## [GOAL OF THE EXERCISE]
Return the listing below exactly as it stands. Pictures stay out.

## [DATA SECTION]
_____

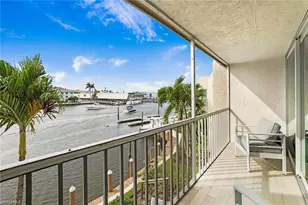 800 River Point Dr, Naples, FL 34102 - Photo 23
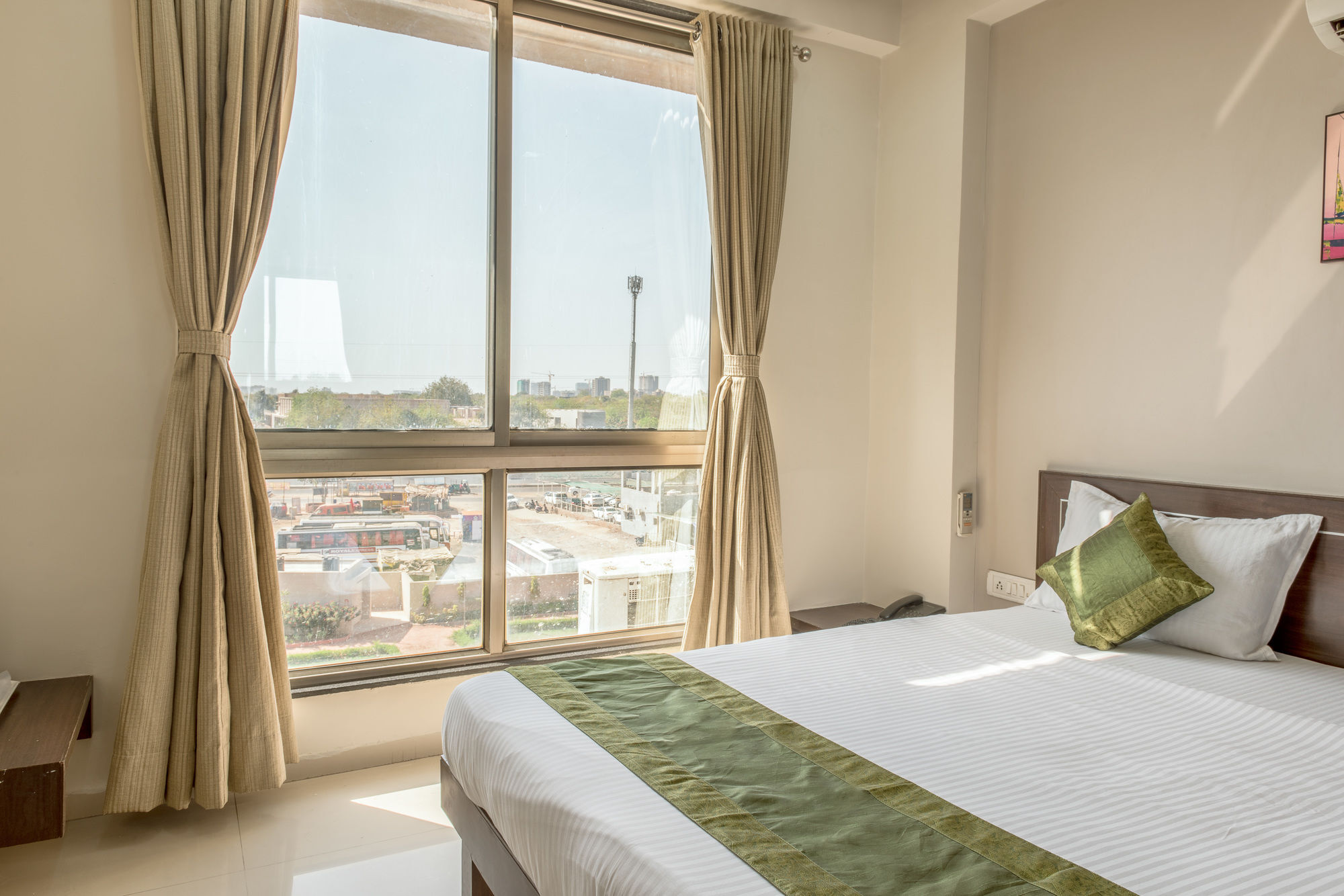 Treebo Trend Shrimad Residency Hotel 3*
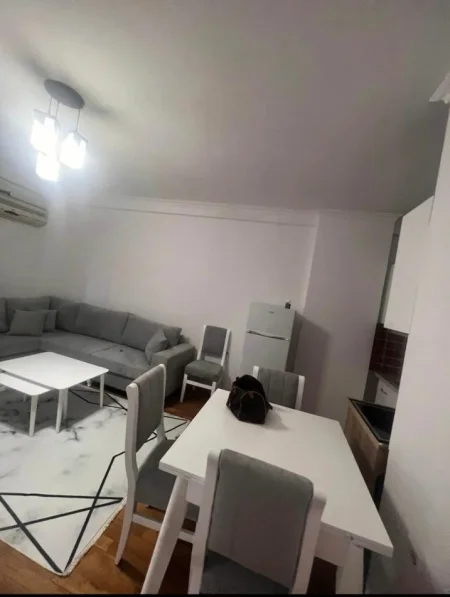 Tirane, jepet me qera apartament 2+1 Kati 3, 90 m² 600 € (Don Bosko)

_____

## [TASK SOLUTION]
 800 River Point Dr, Naples, FL 34102 - Photo 23
 Treebo Trend Shrimad Residency Hotel 3*
 Tirane, jepet me qera apartament 2+1 Kati 3, 90 m² 600 € (Don Bosko)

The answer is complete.